Design: Randomized cross-over study
Setting: Clinical Translational Research Center(CTRC)
Patients/Participants: Women with diet-controlled GDM
Methods: Women with diet-controlled GDM consumed a high complex-carbohydrate/low-fat diet(HC/LF; 60% CHO, 25% fat, 15% protein) and a low-carbohydrate/higher fat diet(LC/HF; 40% CHO, 45% fat, and 15% protein) for 3 days each (washout in between) while wearing a continuous glucose monitor(CGM). On day-4 of each diet, PP lipemia was measured hourly(5 hrs) after women consumed breakfast(30% of total daily calories). All food was provided by the CTRC. A paired t-test was used for difference testing.

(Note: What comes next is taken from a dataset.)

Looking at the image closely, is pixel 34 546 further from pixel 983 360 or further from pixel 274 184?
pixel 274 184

Results: Ten women with GDM (Mean±SEM; body mass index 33.6±1.5kg/m2; age 29±1yrs; 30.4±0.5wks gestation) completed the diet cross-over. While CGM revealed no difference in mean nocturnal blood glucose(BG) or fasting BG(p>0.05), the HC/LF diet yielded a modestly higher: mean 24-hr BG(96.3±3.4 vs. 90.3±3.8mg/dL, p=0.03, respectively), mean 24-hr AUC, and mean PP 2-hr AUC across meals(p<0.005). One-hr and 2-hr PP glucose by CGM was higher across meals on the HC/LF diet compared to the LC/HF diet(115±3 vs. 106±3mg/dL [p=0.009], and 108±5 vs. 98±3mg/dL [p=0.01], respectively). On day-4, there were no differences in fasting plasma glucose, insulin, TG, or FFA. Postprandial blood analyses revealed: higher 5-hr AUC for glucose and insulin on the HC/LF diet(p=0.004 for both), no difference in the 5-hr TG AUC, but a higher 5-hr FFA AUC on the HF/LC diet(p=0.005).

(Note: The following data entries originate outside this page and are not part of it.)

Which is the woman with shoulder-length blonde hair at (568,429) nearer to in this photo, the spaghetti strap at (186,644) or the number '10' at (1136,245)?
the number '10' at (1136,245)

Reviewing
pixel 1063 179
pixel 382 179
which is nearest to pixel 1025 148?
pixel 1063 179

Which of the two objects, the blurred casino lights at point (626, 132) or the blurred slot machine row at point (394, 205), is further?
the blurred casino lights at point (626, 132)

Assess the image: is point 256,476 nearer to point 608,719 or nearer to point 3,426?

Conclusion/Implications for nursing practice: The pattern of glycemia on both diets was remarkably similar. Despite modestly higher glucose concentrations on the HC/LF diet, both diets easily met current recommendations (<140 and <120mg/dL at 1- and 2-hrs PP; mean BG 87-104mg/dL). Thus, nurses may be able to help women with GDM consume a more balanced diet (in carbohydrate/fat) while still meeting glycemic targets. The consistently higher FFAs on the LC/HF diet could worsen maternal insulin resistance and augment neonatal adiposity. Further investigation is required to understand the importance of balancing dietary carbohydrate and fat by its metabolic effects on both mother and offspring.